A banking source and a national government official said the inclusion of a tax proposal was aimed at pressuring banks and insurers into agreeing on an acceptable form of voluntary private sector involvement in supporting Greece. Talks on this led by the International Institute of Finance, a banking lobby, were continuing in Rome on Tuesday.

'If you don't come up with anything we can live with, we will impose a tax', is the threat that is hanging over the talks. This makes the negotiations even more difficult, one banking source said.

The options paper, dated July 16 but which officials said still reflects the wide open state of debate, showed that a tax on the financial sector was the only proposal deemed unlikely to cause a selective default. It identified three main options.

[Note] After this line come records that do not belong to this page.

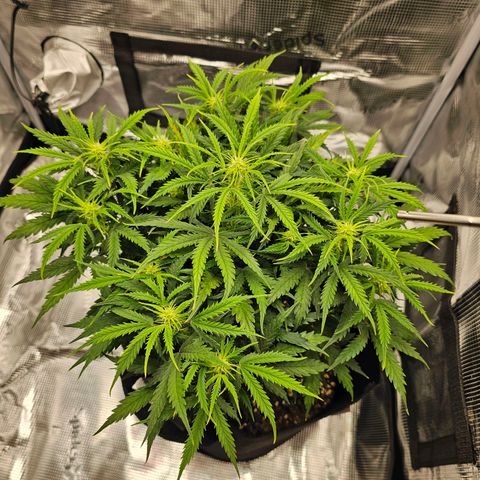 Fat Banana Auto #1 growlog timeline photo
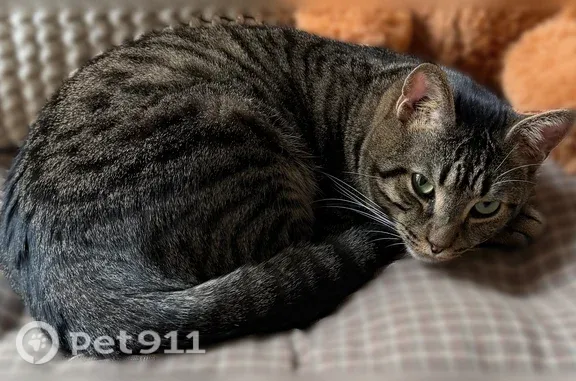 Chat perdu mâle, Rue des Bons Enfants, 120, Rouen — tigré, yeux verts - photo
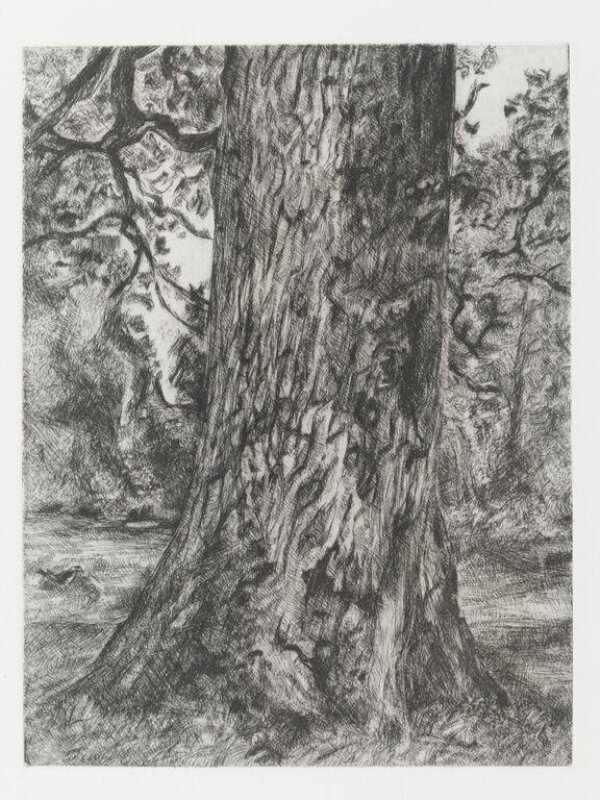 After Constable's Elm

It suggested the levy could be combined with a commitment by Greek banks to roll over their big holdings of government debt, and by an extension of the maturity and a further reduction of the interest rate on euro zone loans to Athens.

The document gave no figure but officials have said they are considering extending the loans to 30 years and cutting the interest rate to 3.5 percent from the original 5.5 percent, which was reduced to 4.5 percent in March.

The European Central Bank has insisted that any solution must avoid causing a credit event, which would trigger a payout of default insurance, or a full or selective default.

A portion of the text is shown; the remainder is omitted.